Dale Worly: there is a trap here as written. Some further clarification is needed.
Adam Roach: hesitant to require the server guys to do twice as much work, especially since in practice the server vendors will just pick one and do it.
DA: Reason for centralized is that if you have 100 UAs do you want all 100 to register. So if you only occasionally answer, then just subscribe to state rather than register.
AR: This seems dangerous…
Brian Rosen: The whole point of this group is to document one approach. Pick one and publish.
DA: Which one?
BR: Don’t care – pick one and publish.
DA: Simply not sure how to force one mechanism over the other, since they are happening in different elements.
RM: this seems like a sketchy road to go down. Not buying into the scenario. If you want to ring your device, and it is going to ring in the same way as if you were receiving an invite and sending a 180, then you should receive an invite and send a 180. Otherwise you will be missing out on lots of critical detail.
DA: But that would be a recommendation, not a requirement.

Back to the design team.

Hum:
Do people feel this is a good starting point for design team
Opposed?
Ans: I think those in favor won – slightly

Notes by James

Alan Johnston presented – major revision since 00, no longer just a requirements draft. Major changes to appearance selection, new sections on dialog package extensions, etc.

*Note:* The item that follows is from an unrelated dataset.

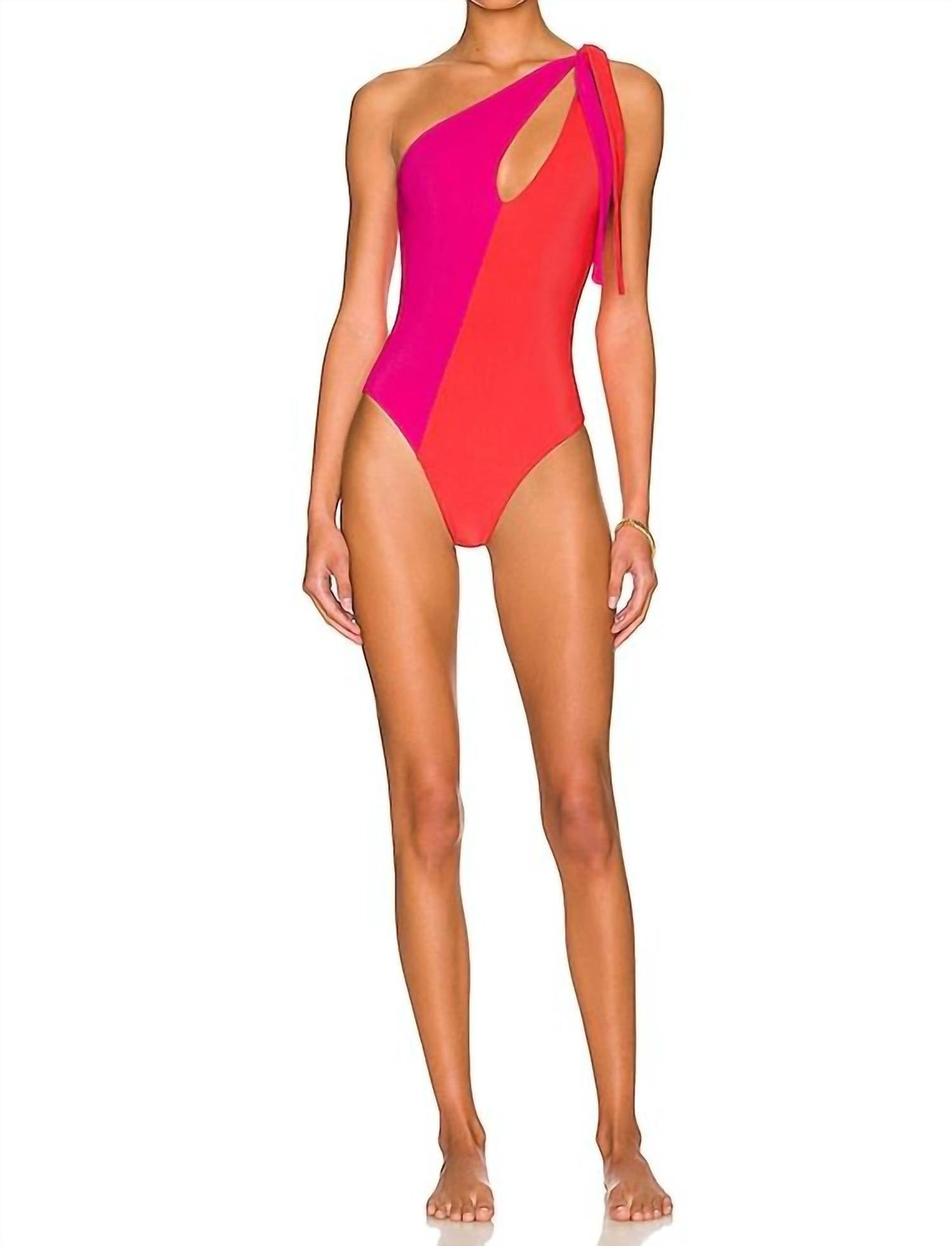 Beach Riot - Nia One Piece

Appearance selection issue is mostly around a race condition. The current mechanism (SUBSCRIBE/NOTIFY in both directions) seems to violate RFC 3265, and it’s ugly. Suggesting use of PUBLISH-only (this is in the draft, but it’s been optional, and some implementations have used SUBSCRIBE/NOTIFY instead). Just need a 4XX response code to signal the race condition failure (could reuse 409 or use something else).

Dale Worley said we’ve been misusing SUBSCRIBE/NOTIFY as an RPC, and now we’re going to use PUBLISH as an RPC, but Alan thinks the semantics are closer (since PUBLISH has already changed the state).

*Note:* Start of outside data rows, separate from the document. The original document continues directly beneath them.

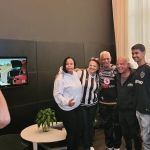 Lendas do Galo: encontro de ídolos do Atlético movimenta hotel em BH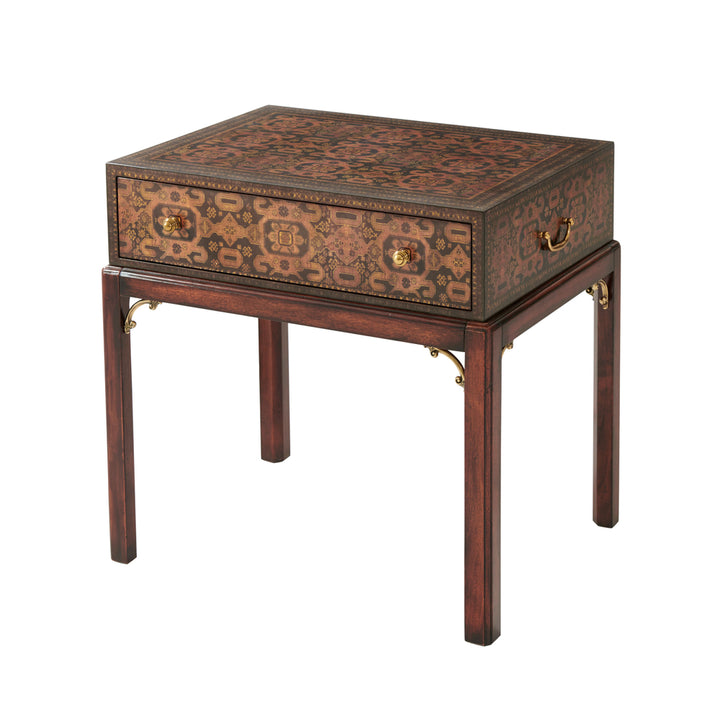 Hammadan Side Table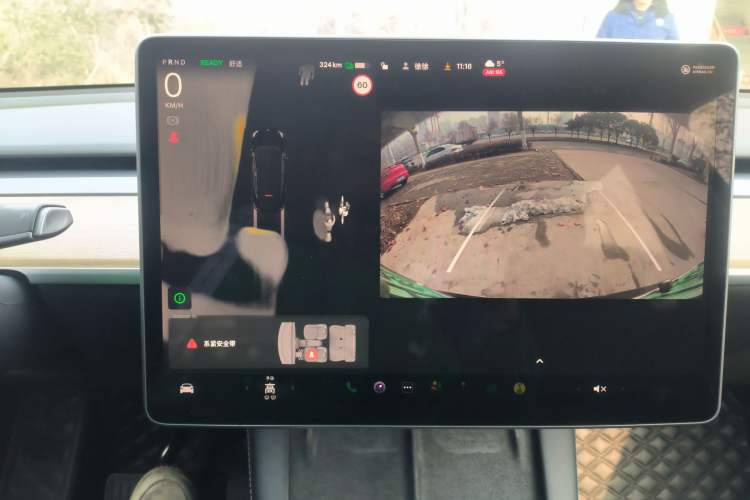 Used Tesla Model Y 2021 Revised Version 2 Long-Range All-Wheel-Drive Edition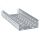 Лоток перфорированный металлический 80х400x3000-1,2мм (12м) HDZ EKF L8040001-1,2-HDZ
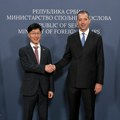 Đurić razgovarao sa novim ambasadorom Republike Koreje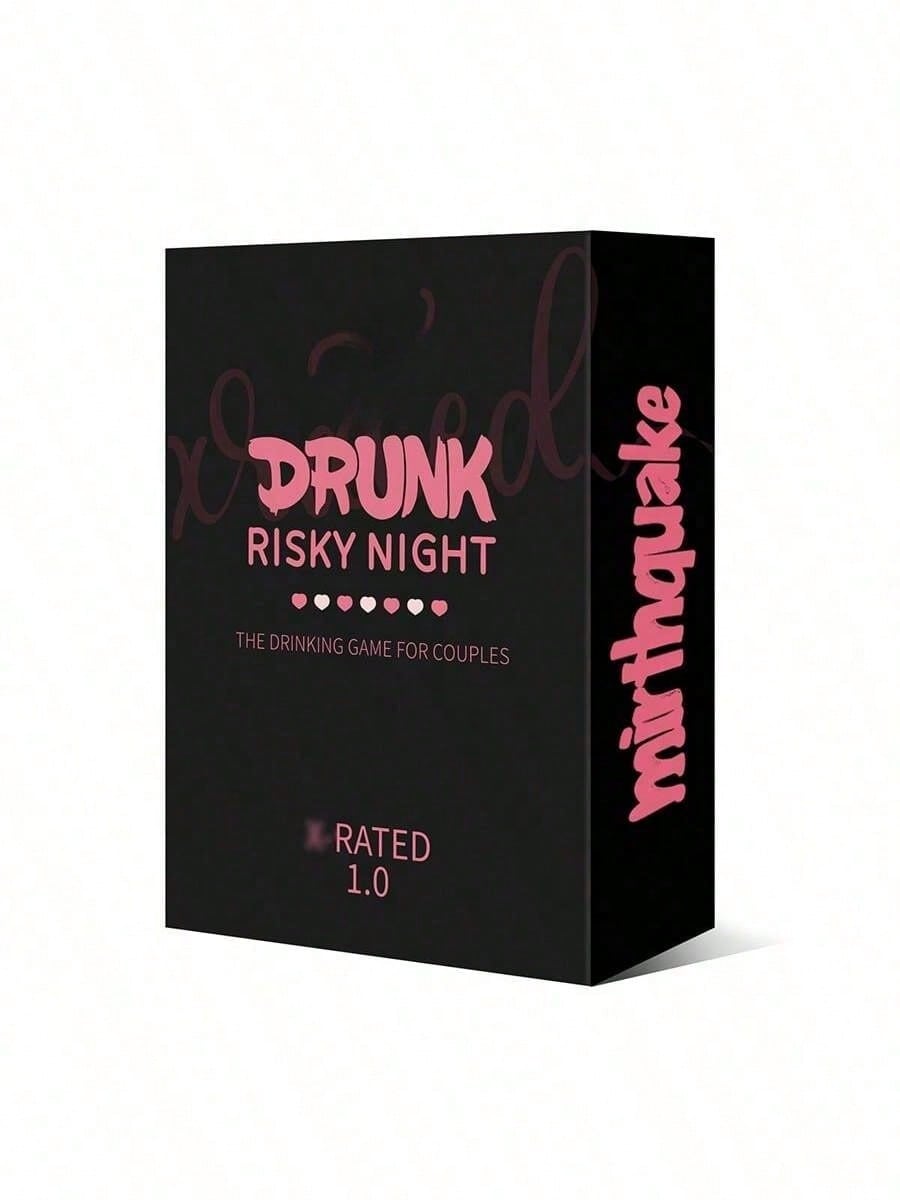 Permainan Kartu Malam Berisiko - Board Game Night ulasan dan harga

Adam said that having a 409 that says “this won’t work given the other state I have”, and thinks this is exactly the PUBLISH model. Rohan disagrees – this is all about seizing exclusive access to a resource. This is floor control. You’re doing an action and hiding it as a state change. You wouldn’t have to change BFCP in order to use it here. Adam challenged the idea that a number is a resource here – it’s ephemeral. But Rohan pointed out that ephemeral numbers map to real LEDs on real phones, and challenged the manhood of this feature in a falsetto voice. He also said that even phones with multiple line appearances don’t have to use exclusive seizure – one floor control server could support thousands of phones, and may need to be in many networks for conferencing, anyway.

Do people WANT to use floor control for this? John thinks we need a simple solution, and BFCP wouldn’t be a simple solution.

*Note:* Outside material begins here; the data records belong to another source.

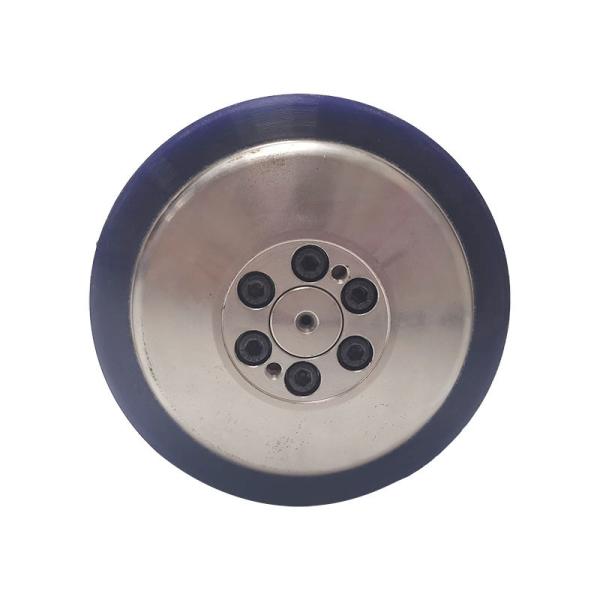 OEM HKT125 Series Steering AGV Drive Wheel Motor 40mm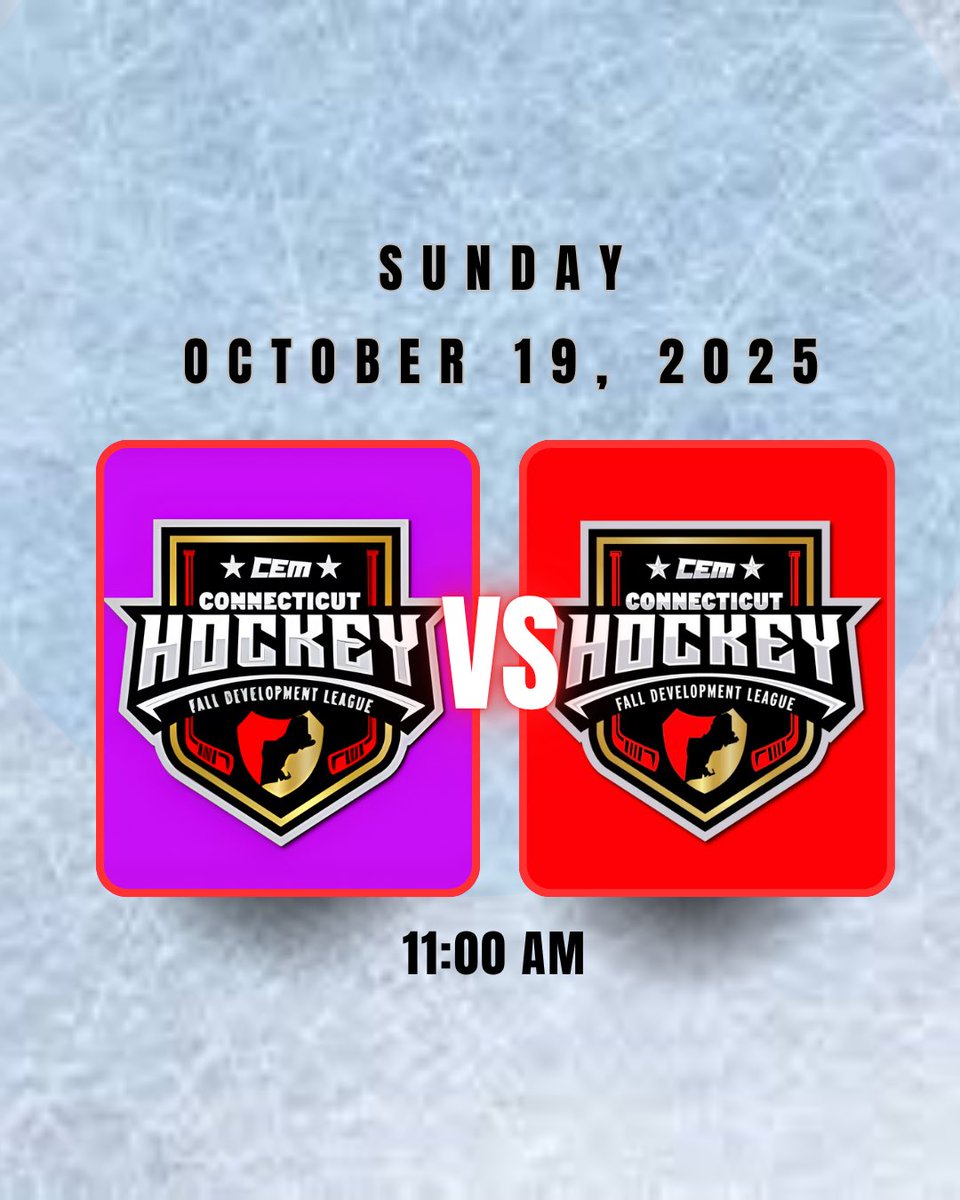 CEM Fall Development Hockey League tweet media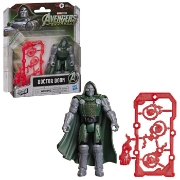 Imagine MARVEL AVENGERS DOOMSDAY ACTION VERSE SET FIGURINA DOCTOR DOOM SI ACCESORII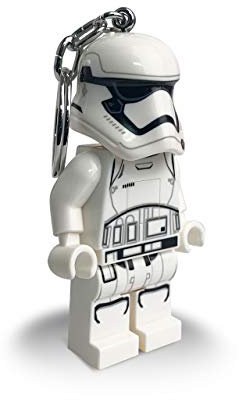 LEGO Lights IQLGL-KE94 Star Wars, Episode VII, Erste Ordnung, Stormtrooper Schlüssellicht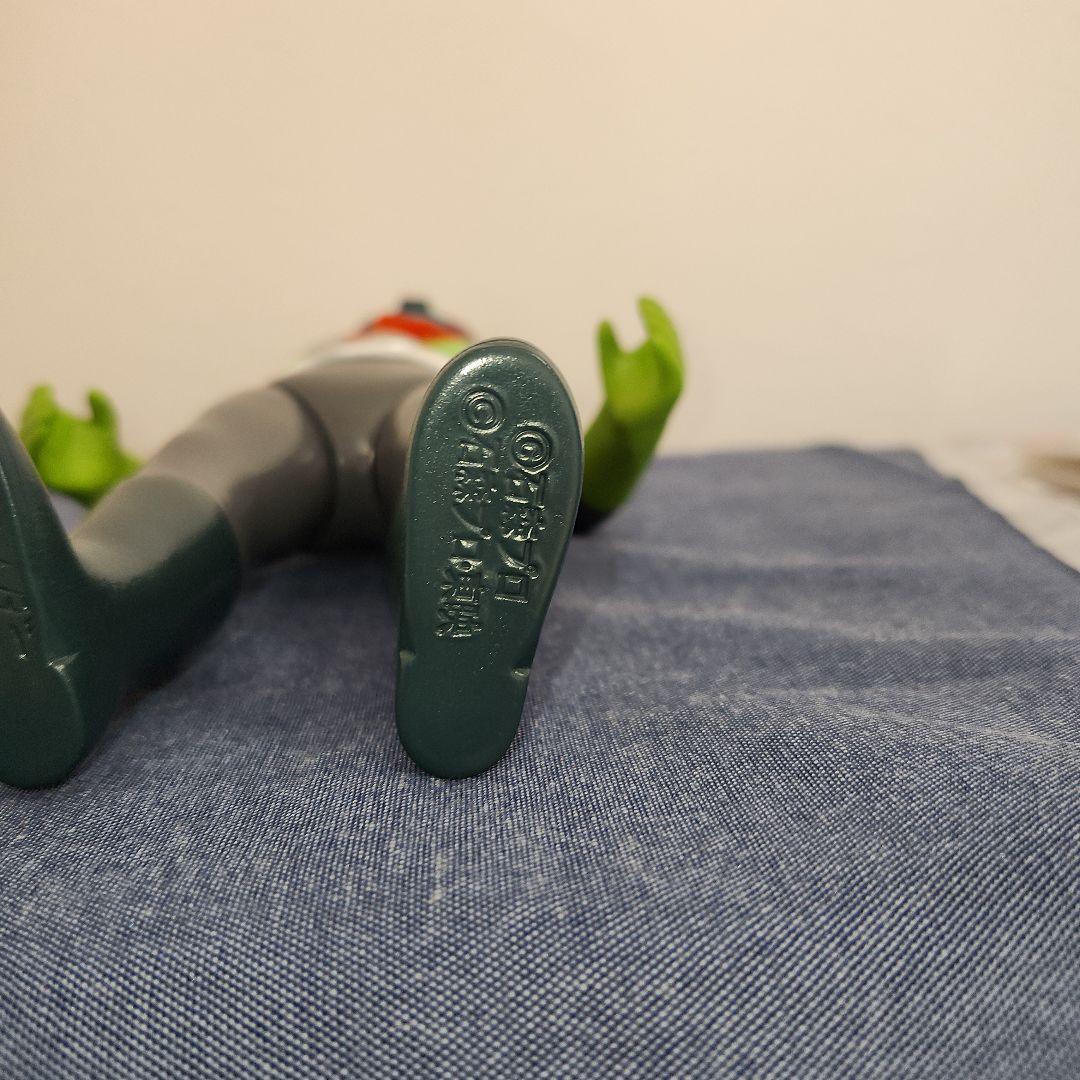 東映レトロソフビコレクション　原作版　仮面ライダー　面取れ　早い者勝ち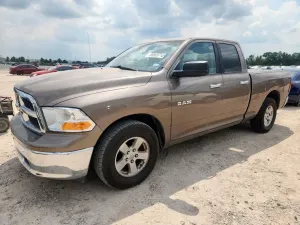 Dodge RAM 4.7L 8 2009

Keith says we’ve already been here with previous call completion discussions – once you’ve handled all the edge cases, you’ve done an equivalent amount of work to adding the right protocol.

HUM: Use of PUBLISH for appearance selection is reasonable, or unreasonable? Hum in the room was 50-50 split called by the chairs.

Editors will remove appearance element attributes (not compatible with PUBLISH).

Dialog Package ID issue – we can get collisions between UAs. Rohan challenged whether these are collisions or not – they are, at the compositor. We have the same issue with other XML documents. Adam says we have to fix this or change the approach in the draft. Alan thinks the proposed approach is not intuitive and definitely needs to be defined in the draft.

Do we want to support two ways to implement MLA service, mandatory for all servers? Both operations are legal SIP operations. Adam doesn’t like saying “you have to do twice as much work to implement a feature”, especially because vendors may pick one, anyway. Brian Rosen said “please pick one way, don’t care which way”. John Elwell says he’s OK with having both ways because implementers have to implement this functionality anyway, for other uses.

HUM: Is this document a reasonable starting point? Lots of hums for “yes”, none for “no”.